S
Steven D'Aprano
Quite difficult. Even if we avoid having two or three separate
binaries, we would still have separate binary representations of the
string structs. It makes the maintainability of the software go down
instead of up.
In fairness, there are already multiple binary representations of strings
in Python 3.3:
- ASCII-only strings use a 1-byte format (PyASCIIObject);
- Compact Unicode objects (PyCompactObject), which if I'm reading
correctly, appears to use a non-fixed width UTF-8 format, but are only
used when the string length and maximum character are known ahead of
time;
- Legacy string objects (PyUnicodeObject), which are not compact, and
which may use as their internal format:
* 1-byte characters for Latin1-compatible strings;
* 2-byte UCS-2 characters for strings in the Basic Multilingual Plane;
* 4-byte UCS-4 characters for strings with at least one non-BMP
character.
http://www.python.org/dev/peps/pep-0393/#specification
By my calculations, that makes *five* different internal formats for
strings, at least two of which are capable of representing all Unicode
characters.
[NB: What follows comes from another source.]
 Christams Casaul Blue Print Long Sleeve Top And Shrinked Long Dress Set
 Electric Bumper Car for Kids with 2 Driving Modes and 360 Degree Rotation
I don't think it would add that much additional complexity to
have a runtime option --always-wide-strings to always use the UCS-4
format. For, you know, crazy people with more memory than sense.
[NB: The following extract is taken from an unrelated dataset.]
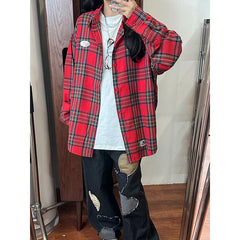 Threebooy Autumn Long Sleeved Shirt Men Oversized Fashion Retro Plaid Shirt Men Streetwear Korean Loose Casual Shirt Mens Vintage Shirts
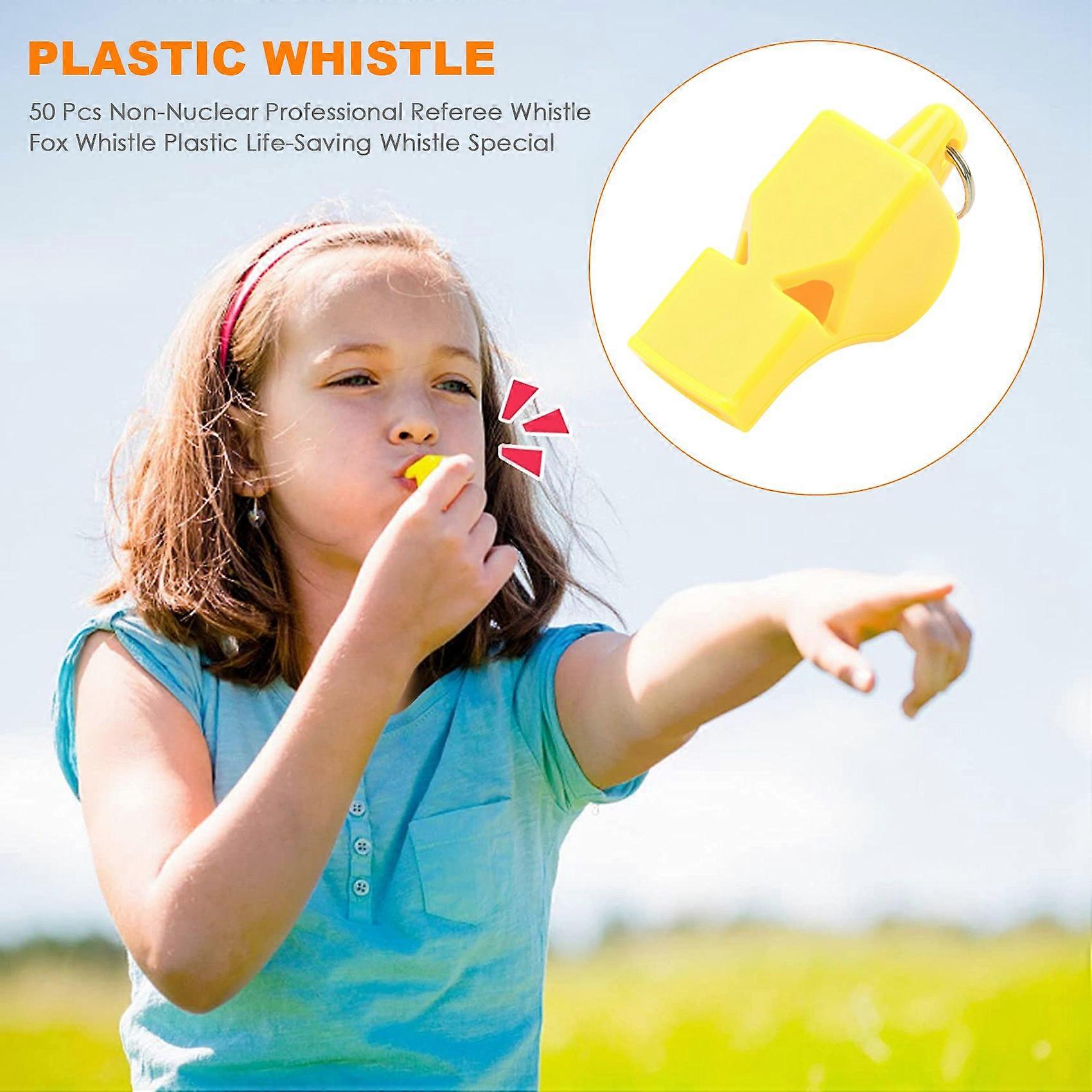 50 Pcs Non-Nuclear Professional Whistle Plastic Life-Saving for Game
But I don't think there's any point in exposing further runtime options
to choose the string representation:
- neither the ASCII nor Latin1 representations can store arbitrary
Unicode chars, so they're out;
- the UTF-8 format is only used under restrictive circumstances, and so
is (probably?) unsuitable for all strings.
- the UCS-2 format can, by using surrogate pairs, but that's troublesome
to get right, some might even say buggy.
So instead of having just one test for my Unicode-handling code, I'll
now have to run that same test *three times* -- once for each possible
string engine option. Choice isn't always a good thing.
There is that too.